Prompted by the use of digital currencies to fund terror and other illegal activity, the Israel Money Laundering and Terror Financing Prohibition Authority has published a document aimed at assisting financial bodies and law enforcement agencies to identify improper activity in this field.

The “red flags” document is intended for providers of financial services in virtual assets, but may also assist different “outer circle” supervised bodies that provide services to such providers. In addition, this document may also help private individuals who hold virtual assets to recognize improper activity.

The more red flags present, the greater the concern the activity at hand constitutes money laundering or terror financing. The red flags are divided into a general and open list separating the client from the provider. Red flags include, inter alia, activity designed to circumvent identification or reporting duties, the purchase of virtual assets at large sums between private individuals (such as social networks or other forums) instead of through a supervised service provider, the transfer of virtual assets in wallets that have a negative indication or a transfer path that obscures tracing, and suspicious characteristics in the client’s or service user’s identity.

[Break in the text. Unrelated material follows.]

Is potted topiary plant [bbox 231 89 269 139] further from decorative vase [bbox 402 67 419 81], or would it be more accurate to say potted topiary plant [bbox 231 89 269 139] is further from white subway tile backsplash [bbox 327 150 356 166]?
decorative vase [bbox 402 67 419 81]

For end users, red flags regarding service providers in virtual assets may include that the service provider is operating without a license, the source of the funds is connected to a money laundering affair or a platform that was shut down by law enforcement agencies, or the use of peer-to-peer (P2P) platforms that are not subject to regulatory supervision. Conversely, service providers must pay attention to the following red flags: the client is not among the typical population operating in the area of virtual assets; the client refuses to provide a legitimate source or corroborating documents for the information given, or the client often changes his or her identity information; the client displays indifference to the terms of service, including a willingness to pay high fees; and the client applies pressure or displays urgency to receive the virtual assets.

It is interesting to note that for the first time the Authority has also added a list of white flags – circumstances that mitigate risk and allow service providers and clients to perform a better risk assessment of activity in virtual assets in accordance with international standards. Examples of white flags include, inter alia, when the service provider who operates in virtual assets holds a license from a state with a low risk level of money laundering and terror financing, or when the virtual assets purchased and sold are from the same address as that client’s electronic wallet.

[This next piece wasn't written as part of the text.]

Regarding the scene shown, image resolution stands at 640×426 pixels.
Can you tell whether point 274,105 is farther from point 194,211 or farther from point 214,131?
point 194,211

Virtual assets have unique characteristics that allow integrating innovation into the financial sector. At the same time, they also challenge law enforcement agencies and their technology often faces regulatory complications. This document is another step toward the standardization and adoption of the field of virtual assets, both by financial regulators and by financial institutions.

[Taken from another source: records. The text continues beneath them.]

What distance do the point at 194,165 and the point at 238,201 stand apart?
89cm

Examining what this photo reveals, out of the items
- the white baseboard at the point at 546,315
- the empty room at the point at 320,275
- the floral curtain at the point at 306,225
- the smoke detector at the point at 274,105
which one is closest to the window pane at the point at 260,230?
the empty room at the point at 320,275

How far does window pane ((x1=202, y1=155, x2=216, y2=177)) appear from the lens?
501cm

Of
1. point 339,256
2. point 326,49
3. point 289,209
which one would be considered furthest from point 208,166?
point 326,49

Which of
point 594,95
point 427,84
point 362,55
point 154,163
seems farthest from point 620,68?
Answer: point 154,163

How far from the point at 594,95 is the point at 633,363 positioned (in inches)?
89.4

It should be noted that the document is the result of a regulation process in the field of virtual currencies and assets developed by the international organization FATF, whose objective is to develop and advance policy to combat money laundering and terror financing. The process includes the duty of each country to impose regulation toward the fight against money laundering and terror financing through virtual assets and providers of services in virtual assets. Many states are in the advanced stages of implementing the FATF’s recommendations.